Bursting cycts (TMI)

Yes. Yes he did.

Oh, and Eeeewwwwww! :eek:

Yep, I had the pleasure of a pilonidal cyst when I was in college. The doc said that because of the infection, the local pain killer for the surgery wouldn’t work; hence, the Keflex. After killing the infection in the cyst, he went to work. To say it was “lanced” isn’t quite accurate; he dug out all the offending material, which included puss & hair and he insisted on showing it to me—up close.

I’m sure mine would have gotten bigger, but its location made it painful to sit or lie down and it bled a lot.

Be glad the doc is giving it a chance to get the infection killed. A friend of my sister had it done while still infected—and, thus, without pain killer—and found it to be a rather traumatic experience.

Yes there is sound. It’s a large grub like maggot that borrowed it’s way into the young girls neck, probably laid by a flesh fly of some sort. Sounds like they are all very English based on accents.

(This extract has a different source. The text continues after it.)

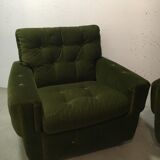 Pair of armchairs, green velvet on wheels, from the 70s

For some reason the sound on that clip isn’t working but the sound on other movies is. Well it would probably gross me out anyway.

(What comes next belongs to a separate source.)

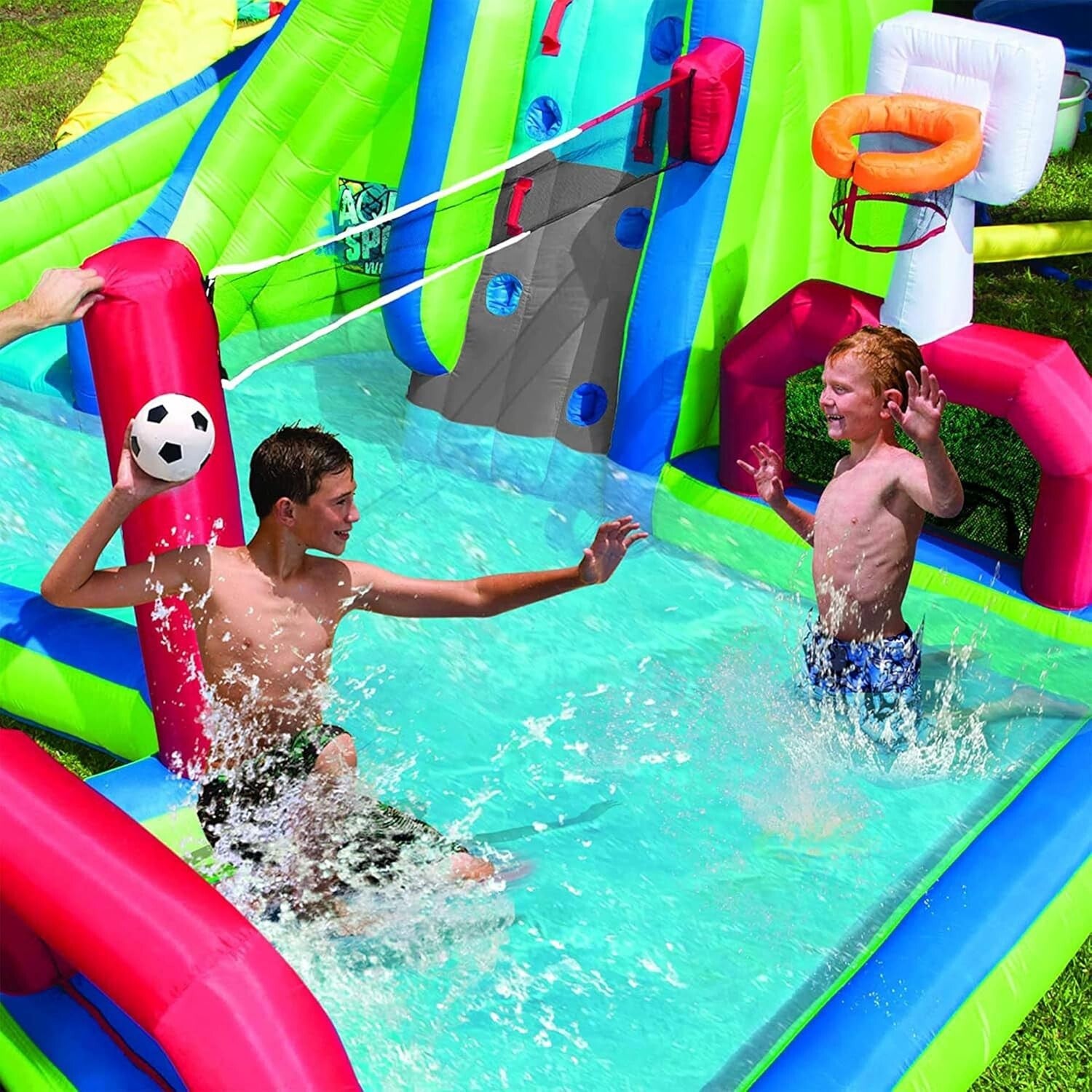Aqua Sports 15' Inflatable Water Park with Climbing Wall & Sports Activities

That looks like a clip from a documentary I saw on TV about half a year ago. It was a three-part deal about human parasites. One of the victims was this girl who had been on vacation with her parents and came back with a bump on her neck that started moving one day. The fly had laid an egg on the neck strap of her two-part swim suit and the maggot had crawled into her skin

Something like that, anyway. It was a kick-ass documentary. I don’t remember everything, but I think that particular episode also had a guy tell about a leech that popped out of his nostril one day, and of course the obligatory Guinea worm into, complete with extraction video. I was cringing for about 50% of the time and staring in wide-eyed rapture for the other 50%.

It’s a method used by those phony so-called “psychic surgeons” (which is what this guy must be to get in this film) to keep the camera from seeing the tricks. In this case, though, it was just an ordinary (if amateur) procedure and there was no trick.